Last Updated: Jun 24th, 2008 - 23:17:34
Summary: A brief biography of David (1564-1617) and Johannes (1587-1616) Fabricius.
David Fabricius was a Lutheran pastor and
astronomer in the little town of Osteel, East Frisia (northwest
Germany). He was a correspondent of Johannes Kepler and the discoverer of the
first known variable star (1596). Early in 1611, his son Johannes,
a university student, returned from the Netherlands with one or
more telescopes, and he and his father turned these instruments to
the heavens. On 9 March, at dawn, Johannes directed the telescope
at the rising sun and saw several dark spots on it. He called his
father, and together the two investigated this new
phenomenon. They directed their instruments to the edge of the
Sun, and when their eyes adjusted to the brightness slowly moved
toward the Sun's center. This method was, of course, very painful,
and the two quickly switched to the projection method by means of
a camera obscura.
Over the next several months they tracked spots as
they moved across the Sun's face and found that a dozen or so days
after they had disappeared from the western edge of the Sun they
reappeared on the eastern edge. Johannes wrote a tract on sunspots, De Maculis in Sole
Observatis, et Apparente earum cum Sole Conversione
Narratio ("Narration on Spots Observed on the Sun and their
Apparent Rotation with the Sun"), the dedication of which was
dated 13 June 1611. It was printed in Wittenberg (the site of the
premier Lutheran university, where Johannes was apparently
continuing his studies) in time for the autumn book fair in
Frankfurt. In the tract Johannes rehearsed the observations made
by him and his father, without giving times or dates or showing a
picture of the spots, and then stated his opinion that they were
on the Sun and that the Sun therefore probably rotated on its axis
(an notion already suggested by Giordano
Bruno and Johannes
Kepler.
Johannes's style was
florid, and only a small part of the tract actually dealt with his
observations and diffidently stated conclusions.
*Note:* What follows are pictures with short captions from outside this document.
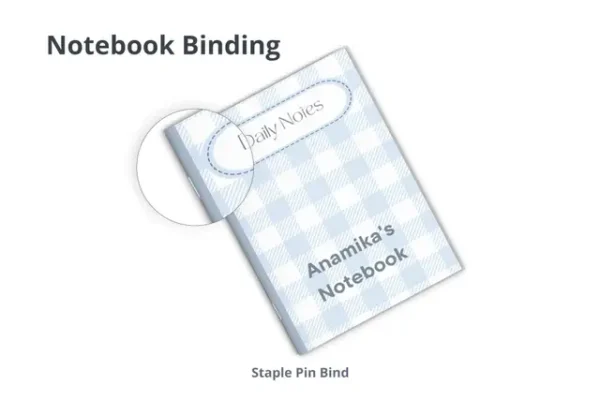 CN 3 Paperback Cover Notebooks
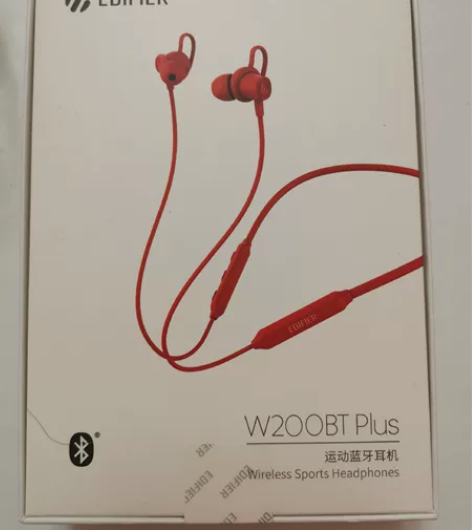 漫步者W2OOBT Plus运动蓝牙耳机 ...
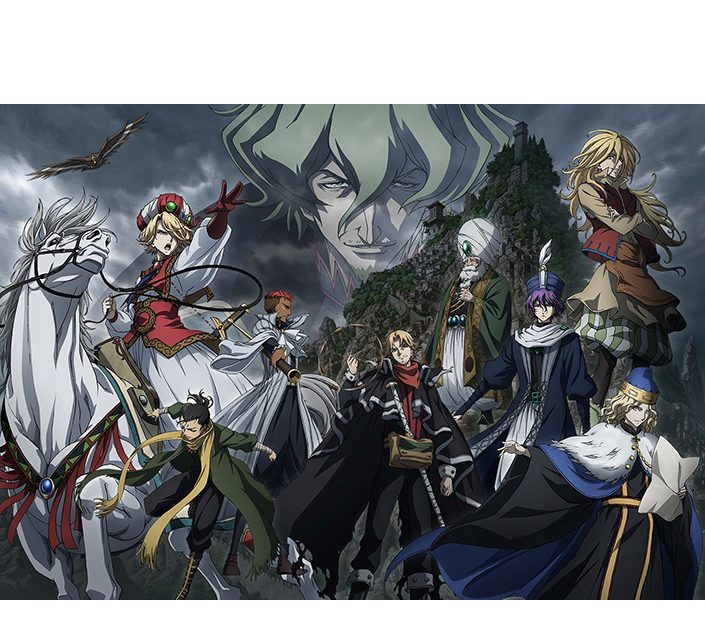 エキゾティックアニメ『将国のアルタイル』第2クール新ビジュアル公開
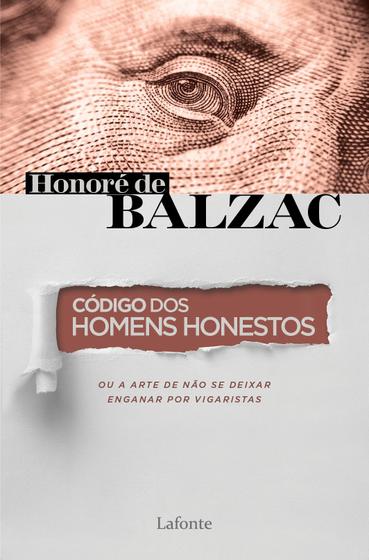 Imagem de Livro - Código dos Homens Honestos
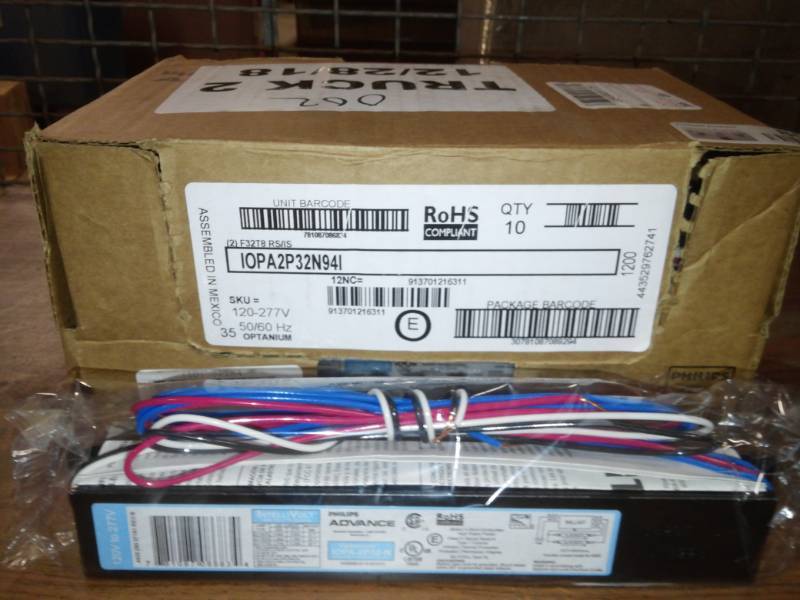 lot 8042 image: Philips Advance IOPA2P32N941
Because of the
lack of a powerful patron interested in scientific matters who
might have called the little book to the attention of influential
people, it drew very little attention, and by the time e.g.,
Kepler had become aware of its existence the book was eclipsed by
Christoph Scheiner's first
publication on sunspots (January 1612). Johannes's diffidence may
have been caused by a disagreement with his father about the
nature of sunspots. In December 1611, David Fabricius wrote to
Michael Maestlin (Kepler's old teacher) that he did not believe
the spots were on the Sun's body, although the center of their
motions clearly lay in the Sun. Neither father nor son were
important participants in the 1612/13 debate on the nature of
sunspots.
Little else is known about
Johannes Fabricius, except that he died in 1616, at the young age
of 29. A year later the father was killed when an irate peasant,
whom he had accused of stealing a goose, hit him over the head
with a shovel.
Glossary
camera obscura: - A darkened boxlike device
in which images of external objects, received through an
aperture, are exhibited in their natural colors on a surface
arranged to receive them.
References-
Rosen, Edward. (1967). Kepler's Somnium. Madison: University of Wisconsin Press.